Anyone done this or have a schematic? I know it should be cheaper to build one using an opto isolator.


----------



## CraigInPA (Sep 28, 2007)

You can buy opto-22 odc5/oac5/and the quad versions of these for next to nothing on ebay. The last time I bought some, they were less than $2 each port including shipping (20 singles for ~$30, 20 quads for $60). If you're going to get into these big time, you should look for people selling the opto-22 relay boards full of ssr's that terminate in a 25 pin D shell connector. Buy the board, keep the useful bits, toss the rest. Usually these are even cheaper than buying units individually.


----------



## Dr Morbius (Sep 21, 2004)

So opto-22's are solid state relays? The reason I ask for SSR's is I may be able to use them instead of a kit74, and they last longer. Whether or not they are cost effective is another matter.


----------



## Dr Morbius (Sep 21, 2004)

Is this what you mean? I have no experience with opto-22's at all. 
http://cgi.ebay.com/16-OPTO-22-RELA...ryZ78207QQrdZ1QQssPageNameZWD1VQQcmdZViewItem
Is this too much?

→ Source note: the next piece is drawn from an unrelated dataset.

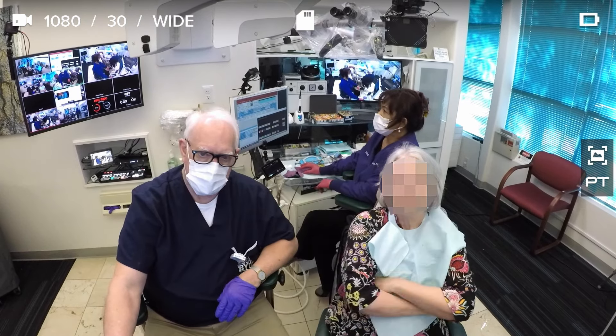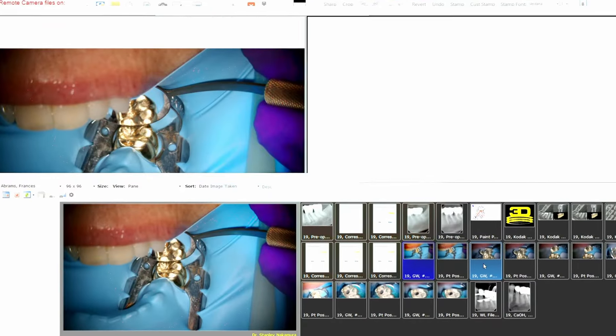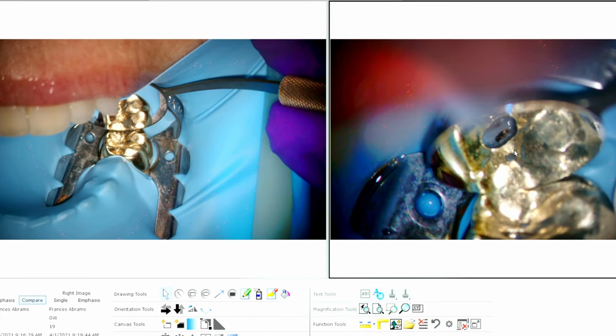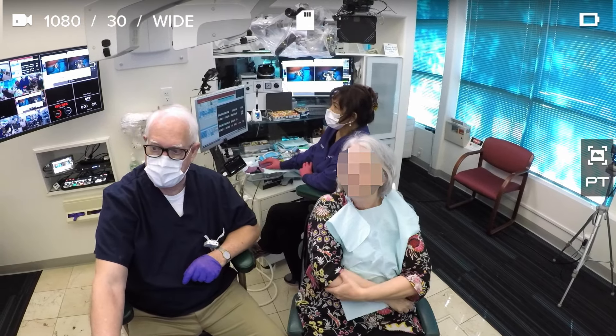So this is what I see. Before we start, this is a mirror. Then I make what we call a minimized access, because I want to take as little tooth structure away as possible.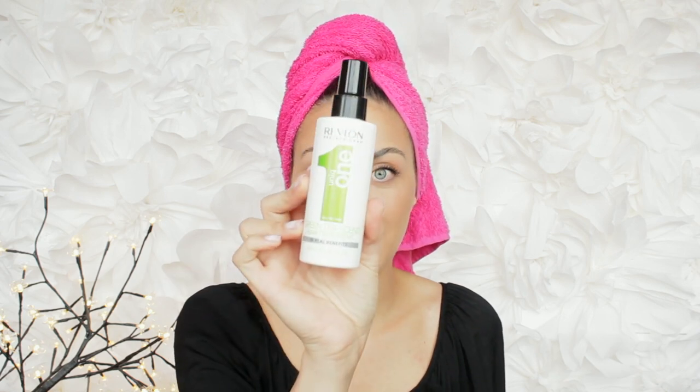What I'm using next is this Revlon Uniq One hair treatment — it's like a 10-in-1. It's really good and it has 10 real benefits: repair for dry and damaged hair, shine and frizz control, heat protection, silkiness and smoothness, and more. I'm using this one and I'm gonna show you the real combo for detangling your hair.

Do they come cheaper?


----------



## gmacted (Jan 18, 2006)

Dr. M,

The circuit will depend on if you're trying to control AC or DC voltage. The main components of an SSR are an isolation stage and a drive stage. 

The isolation stage is typically an opto-isolator (you can think of an opto-isolator as a phototransistor where the base is "light isolated" from the emitter and the coupler). You could just use an opto-isolator in a strictly DC application, but you could just use a transistor too.

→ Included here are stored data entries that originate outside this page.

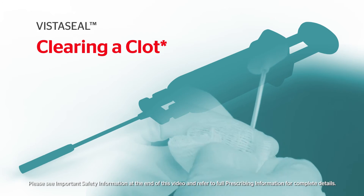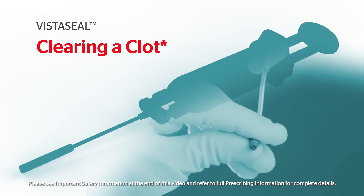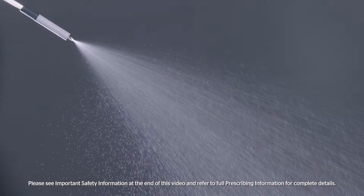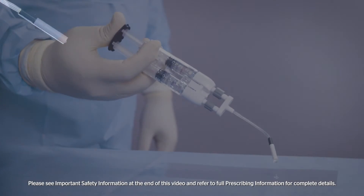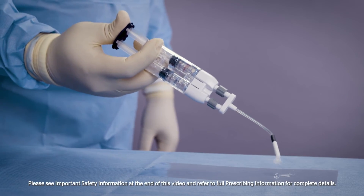VistaSeal is designed to deliver a rapid, adherent and durable clot. Once spraying has stopped, a clot will form in the airless spray tip. Do not try to push hard to clear the clot.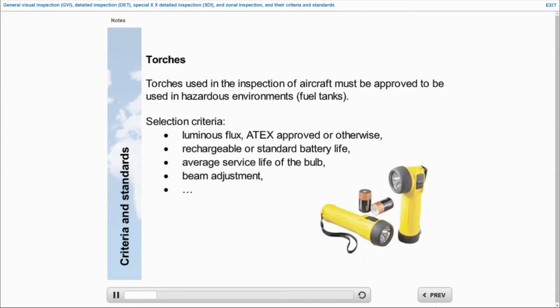Never forget that an aircraft is hazardous. In terms of our job, it constitutes a highly explosive area. Depending on the zone, use an ATEX-certified torch — Atmosphere Explosive.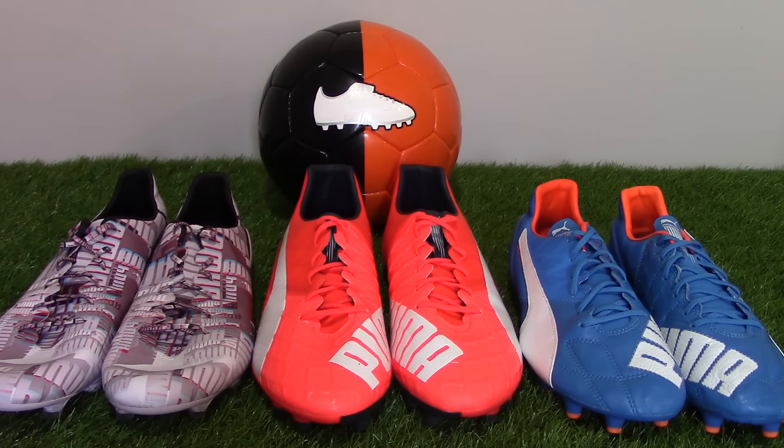Please leave a comment below with which boot you would choose out of the three. Thanks for watching, and as always, we'll see you next time.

SSRs are typically used in AC applications where you would still have the isolation stage, but then you would have a drive stage (which is where you would typically use a triac). This is where the size and the cost come into play. Triacs are typically used for light dimmers or speed controlled motors. A SCR (silicon controlled rectifier) could also be used since a triac is just "back to back" SCRs.

What are you trying to control? Your application will really depend on what you really need to build.

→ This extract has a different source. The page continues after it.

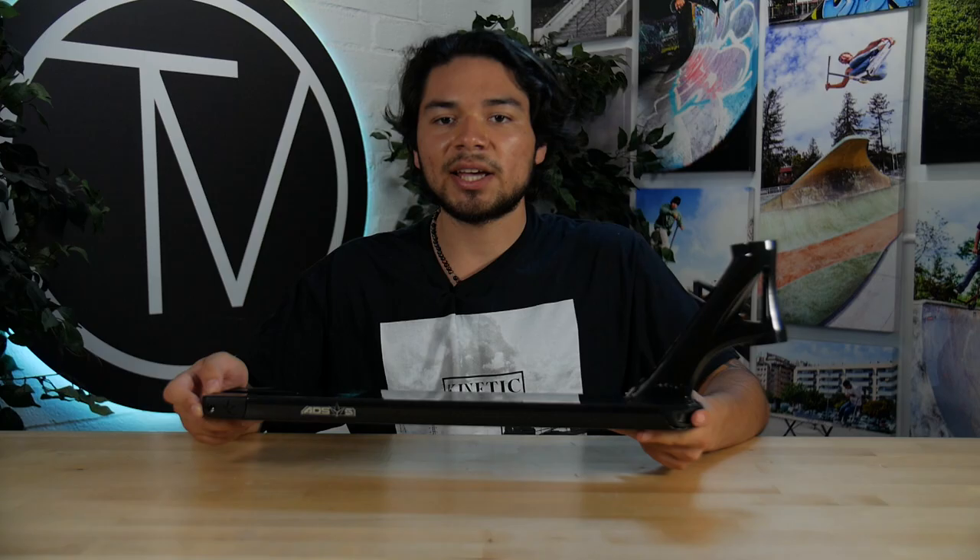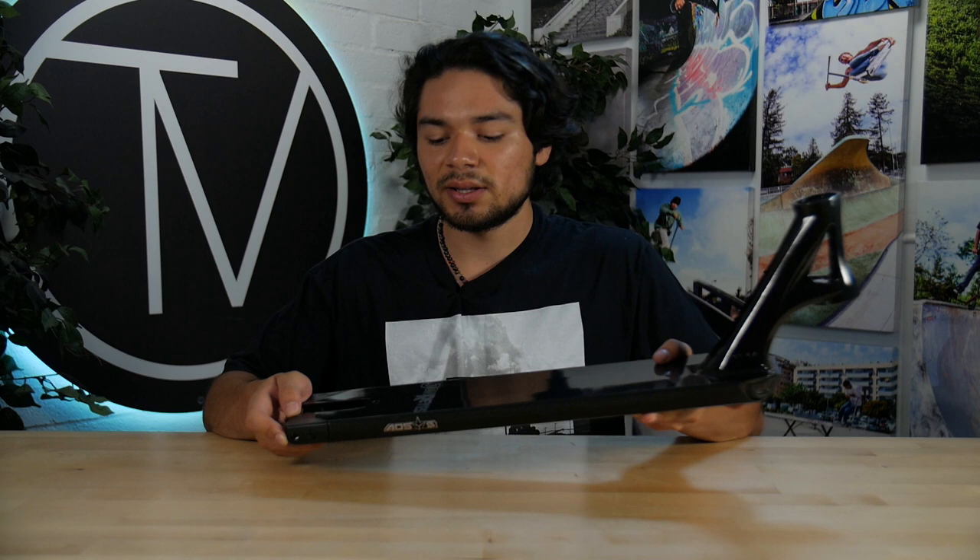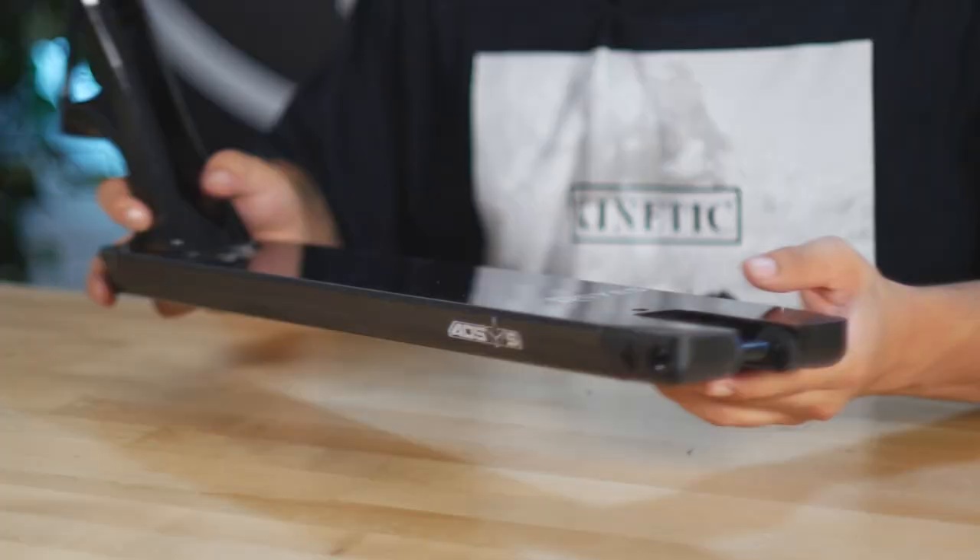At the back end is where you would mount your brake. The brake is also mounted from the top side of the deck. At the back end, this deck can fit up to 125mm by 30mm wide wheels.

I not really sure you could build an AC SSR cheaper than you could buy one and if you could , it wouldn't be very small.


----------



## Diaval (Nov 9, 2007)

Dr Morbius said:


> Anyone done this or have a schematic? I know it should be cheaper to build one using an opto isolator.


Sure you can, but that depends on what you are going to control. If it is AC and high current, then you are best off going with something commercially made. Now if it is DC then you are in luck.

You can use a device called a MOSFET which resembles a transistor. A MOSFET is a voltage controlled device like a vacuum tube. It draws no current on it's control gate. With that in mind you can directly come out of your TTL type circuit and switch a moderately high voltage and a pretty high current using one of these devices. Moreover because it is solid state you can also PWM (pulse width modulate) the FET and you can do things like dim a lamp or control the speed of a motor. Keep in mind that if you want to control 110v devices this way that you can only do so with DC devices. So anything with a transformer or brushless (unless it is DC brushless) motor is out of the question. Also as soon as you go over 60volts on the voltage rating...FETS start to get expensive.

Now if your AC control needs are low current such as turning on and off a few flicker lamps or low wattage bulbs, then you can optically couple an led to a photocell and use that photocell to replace the dimmer pot in a standard household light dimmer. The phantasmechanics.com website offers instructions on how to do this via their 'flicker lamp' controller (you simply replace the flicker lamp with an led that is connected to your controller).

Keep in mind that this method of AC control doesn't offer zero cross switching and can introduce a bunch of power line and RF noise which could hamper computers and other 'sensitive' electric items hooked up to it. The higher the current you switch, the more noise you get. You are also limited to 6 amps or so going this way. Best off to avoid noise, stick with very low currents.

So if you are going to control large loads or PWM AC motors...then I would suggest sticking with a high end zero crossing SS Relay by Crydom (or similar MFG).

I can tell you one thing though...if you don't have much experience with electronics and you want to switch 110v AC devices...stick with something commercially made. If you don't know what you are doing, you can get a severe shock, cause a fire...or worse.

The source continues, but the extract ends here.